**YOUR ASSIGNMENT**.
Each line from the first entry to the line with "Estante de vino", both included, is to be returned unchanged, with any pictures dropped.

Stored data
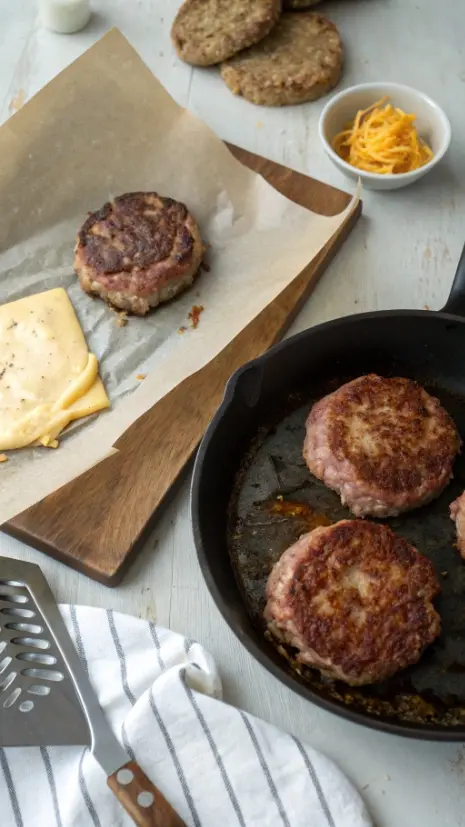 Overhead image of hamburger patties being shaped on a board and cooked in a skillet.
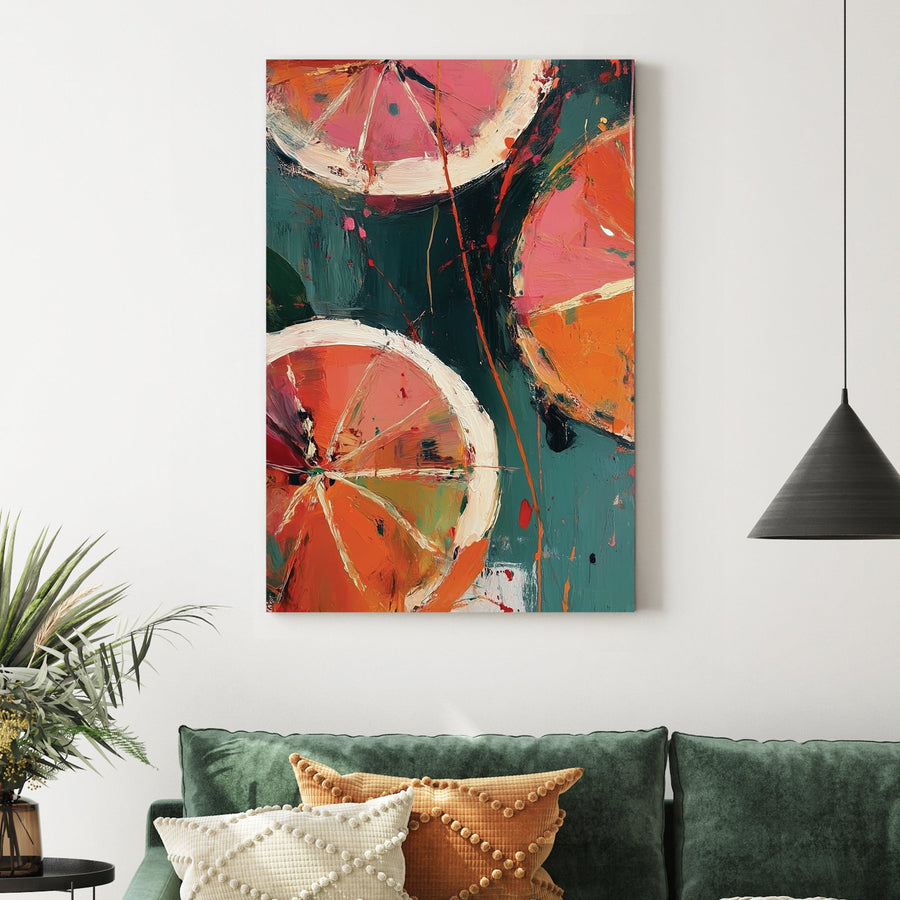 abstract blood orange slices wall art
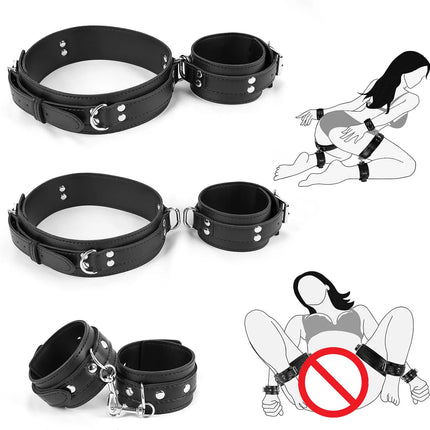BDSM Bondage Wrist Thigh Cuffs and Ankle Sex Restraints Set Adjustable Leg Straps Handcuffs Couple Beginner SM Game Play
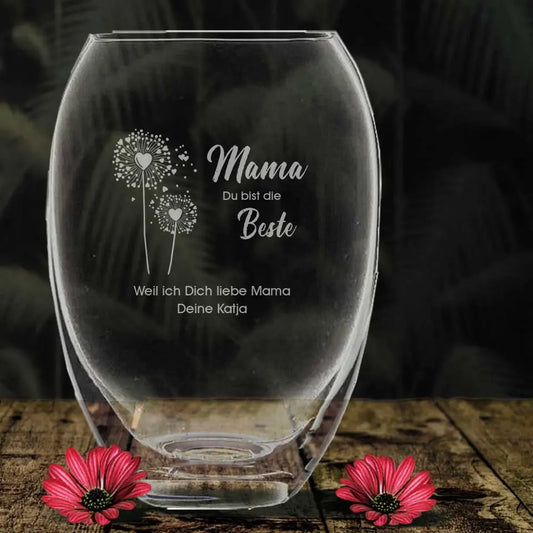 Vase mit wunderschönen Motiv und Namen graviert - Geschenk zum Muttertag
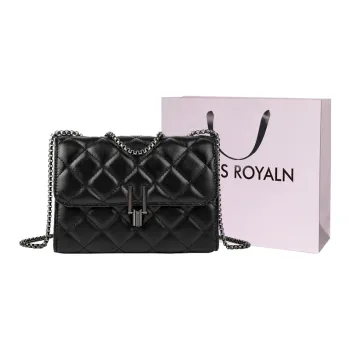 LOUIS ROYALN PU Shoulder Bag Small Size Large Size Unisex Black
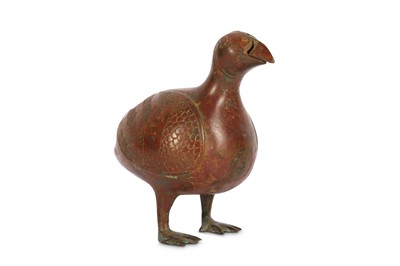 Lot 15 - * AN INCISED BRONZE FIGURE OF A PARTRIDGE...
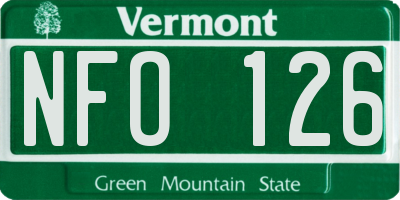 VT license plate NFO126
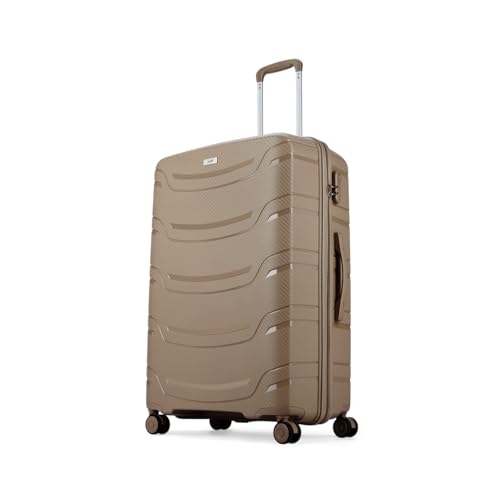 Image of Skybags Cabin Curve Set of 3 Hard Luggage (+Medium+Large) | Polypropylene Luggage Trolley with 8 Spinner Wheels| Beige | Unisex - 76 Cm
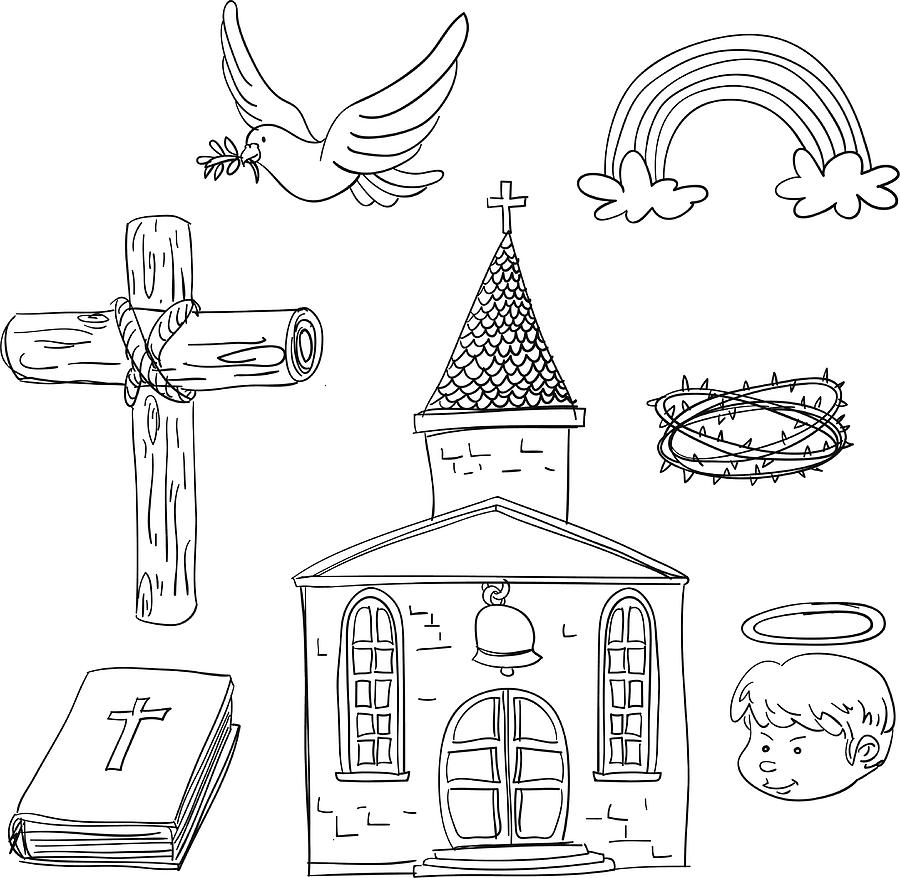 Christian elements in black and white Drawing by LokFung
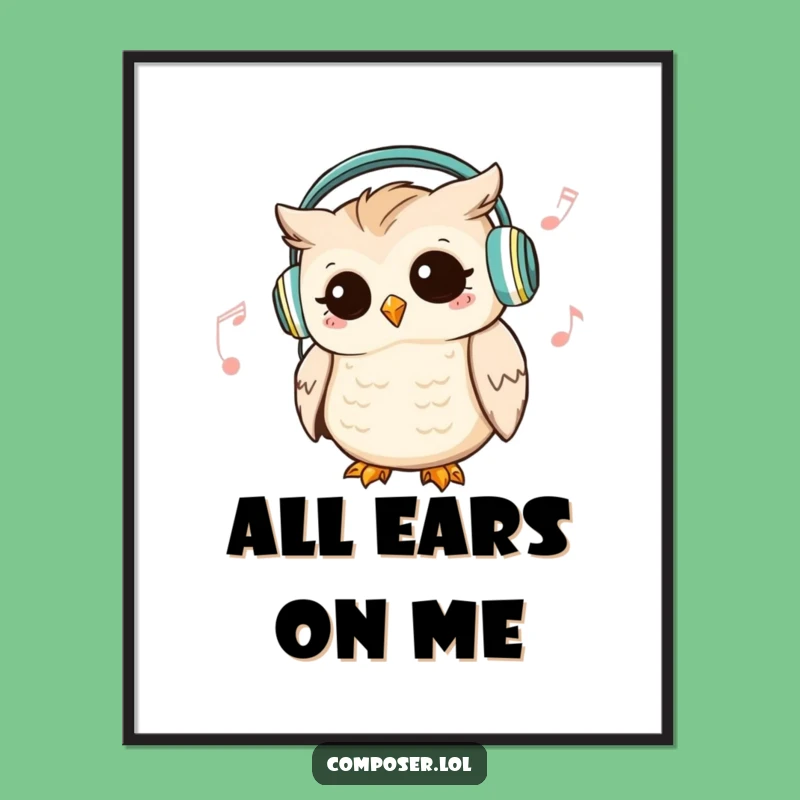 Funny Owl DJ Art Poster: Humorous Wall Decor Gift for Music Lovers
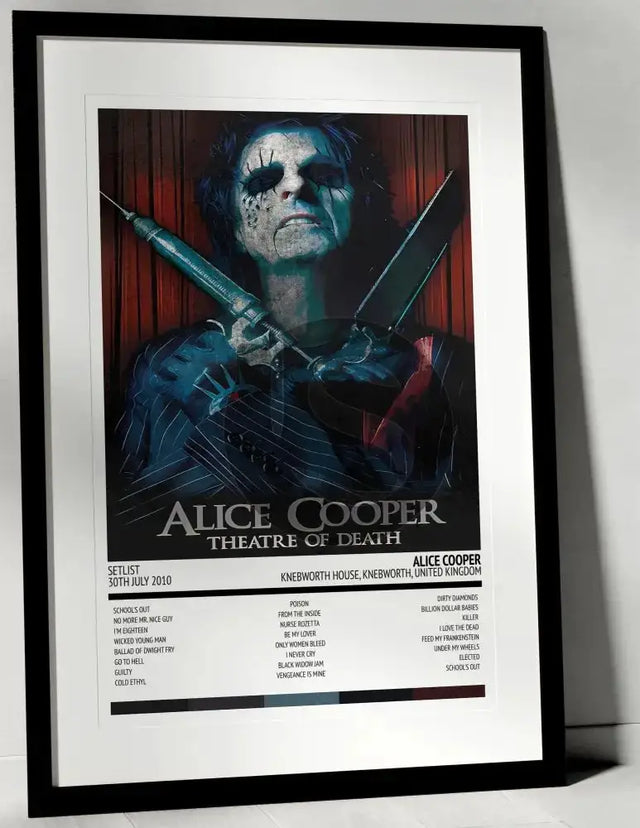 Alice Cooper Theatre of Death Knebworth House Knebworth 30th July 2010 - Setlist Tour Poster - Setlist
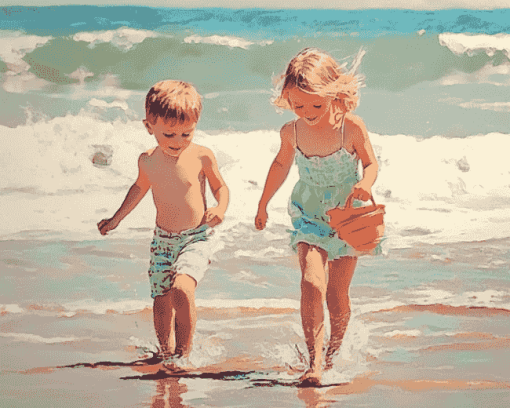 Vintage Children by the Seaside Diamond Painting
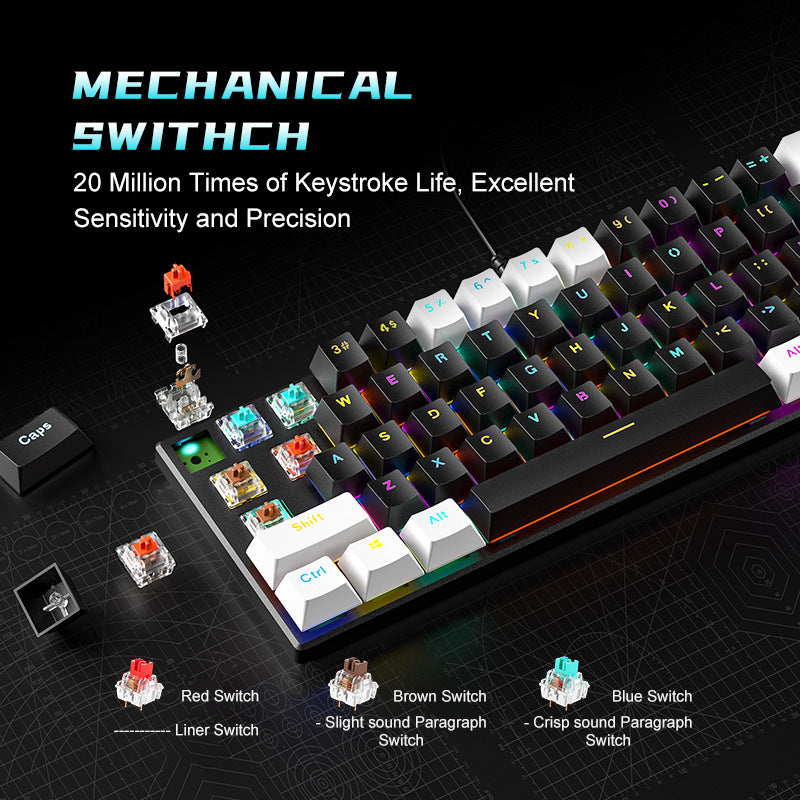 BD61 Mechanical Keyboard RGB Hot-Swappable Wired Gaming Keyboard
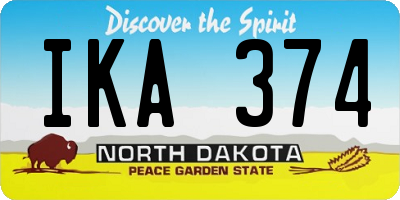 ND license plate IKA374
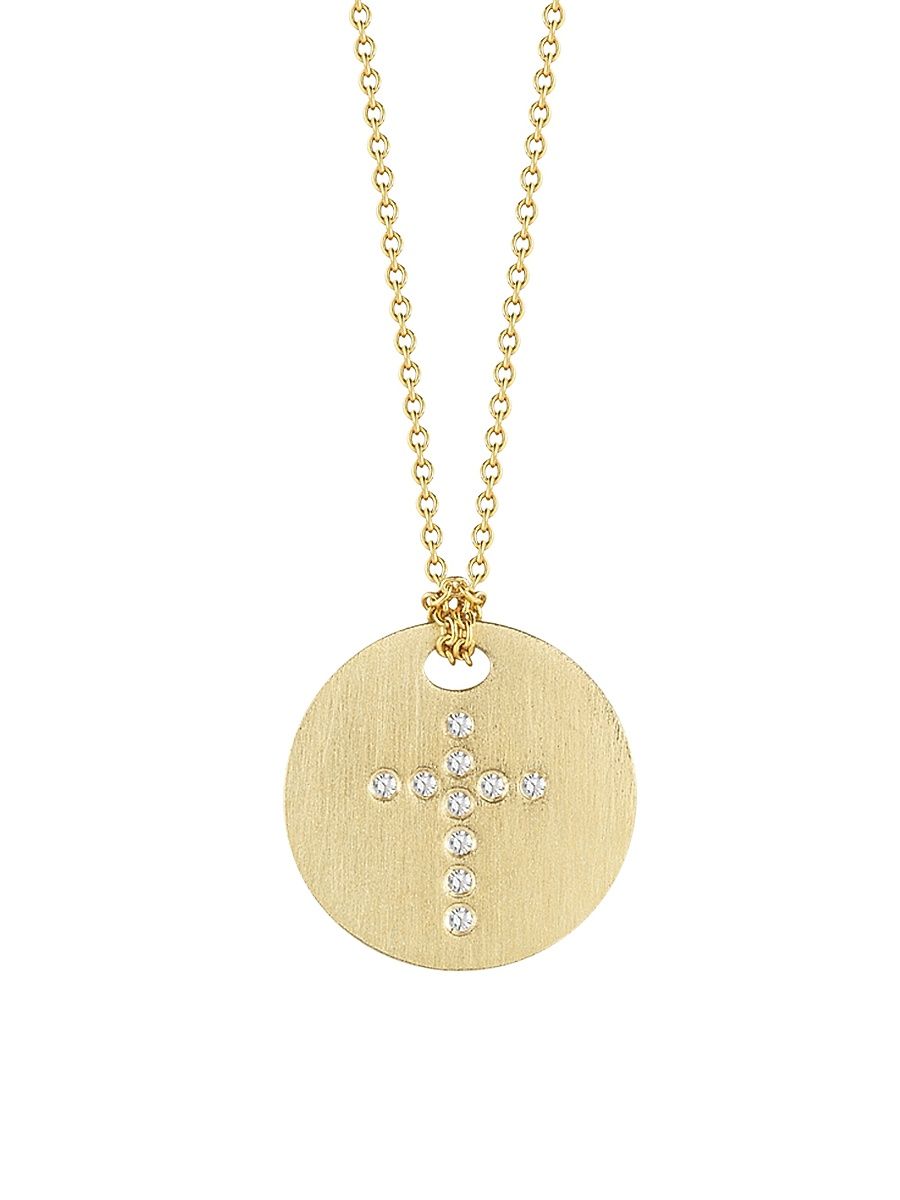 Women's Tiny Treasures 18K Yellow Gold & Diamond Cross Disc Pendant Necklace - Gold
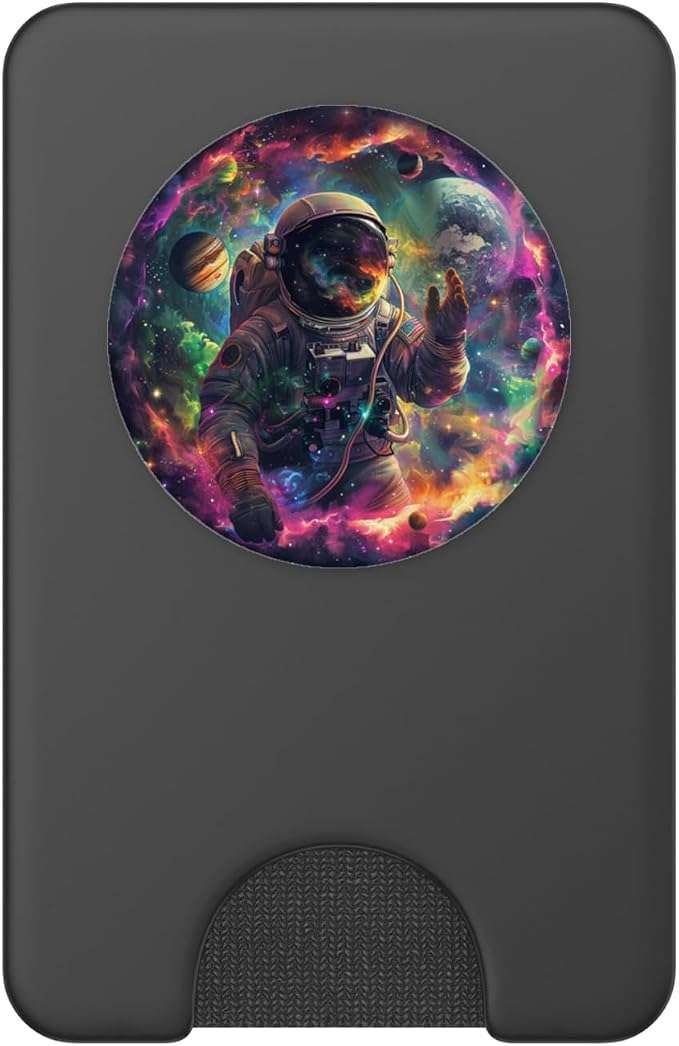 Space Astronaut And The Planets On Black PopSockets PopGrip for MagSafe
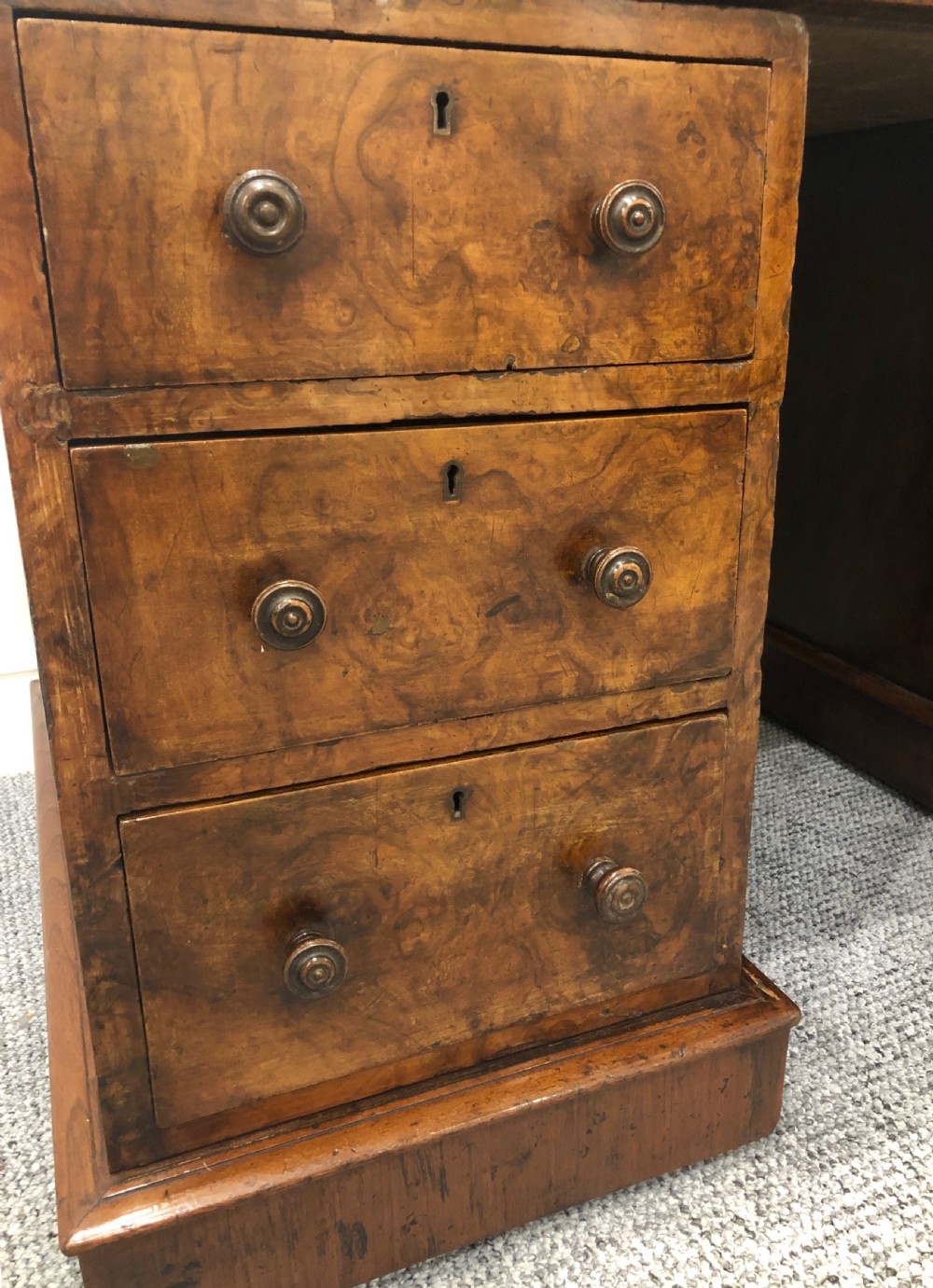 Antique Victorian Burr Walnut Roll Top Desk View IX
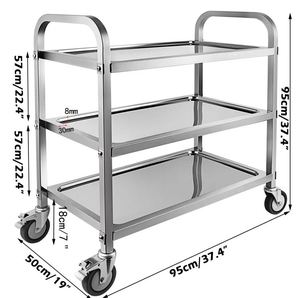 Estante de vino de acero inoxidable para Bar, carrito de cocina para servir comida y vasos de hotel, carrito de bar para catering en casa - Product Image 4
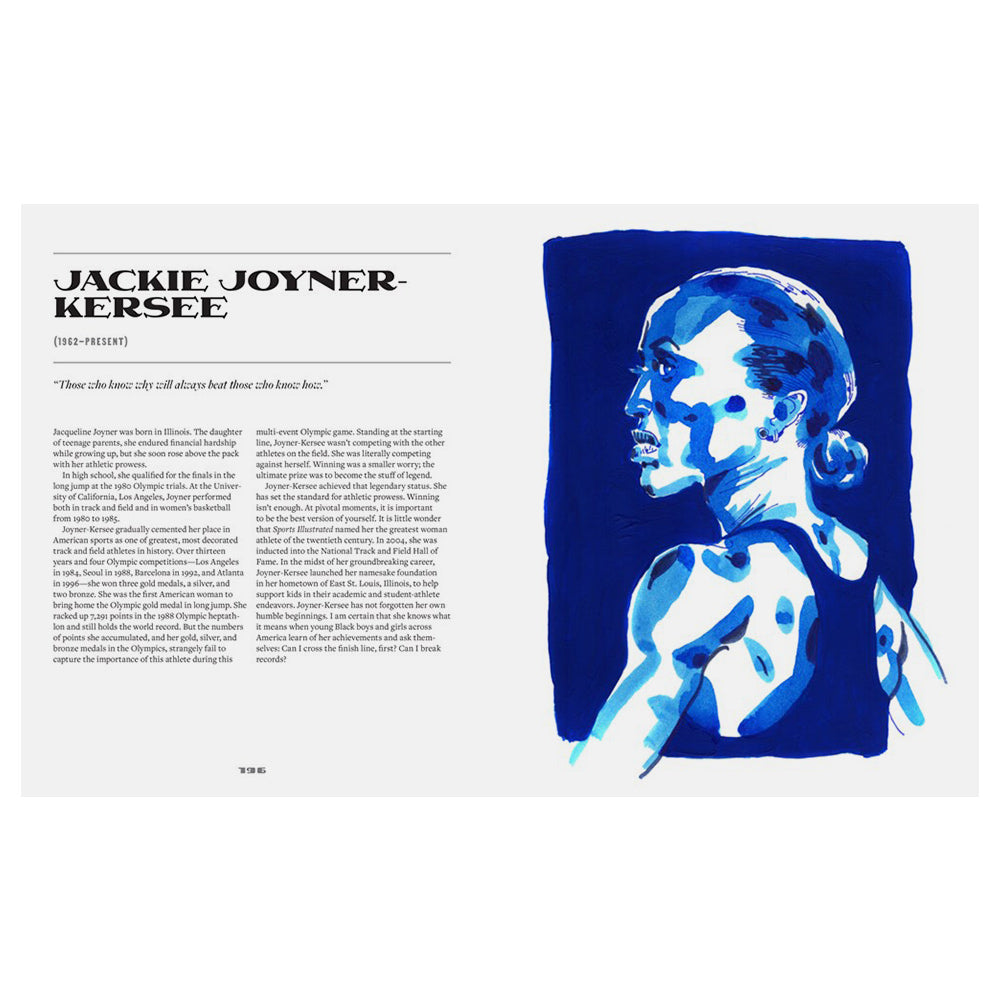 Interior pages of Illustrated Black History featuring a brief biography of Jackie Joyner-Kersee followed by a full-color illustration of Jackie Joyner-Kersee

**REPLY**.
 Overhead image of hamburger patties being shaped on a board and cooked in a skillet.
 abstract blood orange slices wall art
BDSM Bondage Wrist Thigh Cuffs and Ankle Sex Restraints Set Adjustable Leg Straps Handcuffs Couple Beginner SM Game Play
 Vase mit wunderschönen Motiv und Namen graviert - Geschenk zum Muttertag
 LOUIS ROYALN PU Shoulder Bag Small Size Large Size Unisex Black
 Lot 15 - * AN INCISED BRONZE FIGURE OF A PARTRIDGE...
 VT license plate NFO126
 Image of Skybags Cabin Curve Set of 3 Hard Luggage (+Medium+Large) | Polypropylene Luggage Trolley with 8 Spinner Wheels| Beige | Unisex - 76 Cm
 Christian elements in black and white Drawing by LokFung
 Funny Owl DJ Art Poster: Humorous Wall Decor Gift for Music Lovers
 Alice Cooper Theatre of Death Knebworth House Knebworth 30th July 2010 - Setlist Tour Poster - Setlist
 Vintage Children by the Seaside Diamond Painting
 BD61 Mechanical Keyboard RGB Hot-Swappable Wired Gaming Keyboard
 ND license plate IKA374
 Women's Tiny Treasures 18K Yellow Gold & Diamond Cross Disc Pendant Necklace - Gold
 Space Astronaut And The Planets On Black PopSockets PopGrip for MagSafe
 Antique Victorian Burr Walnut Roll Top Desk View IX
 Estante de vino de acero inoxidable para Bar, carrito de cocina para servir comida y vasos de hotel, carrito de bar para catering en casa - Product Image 4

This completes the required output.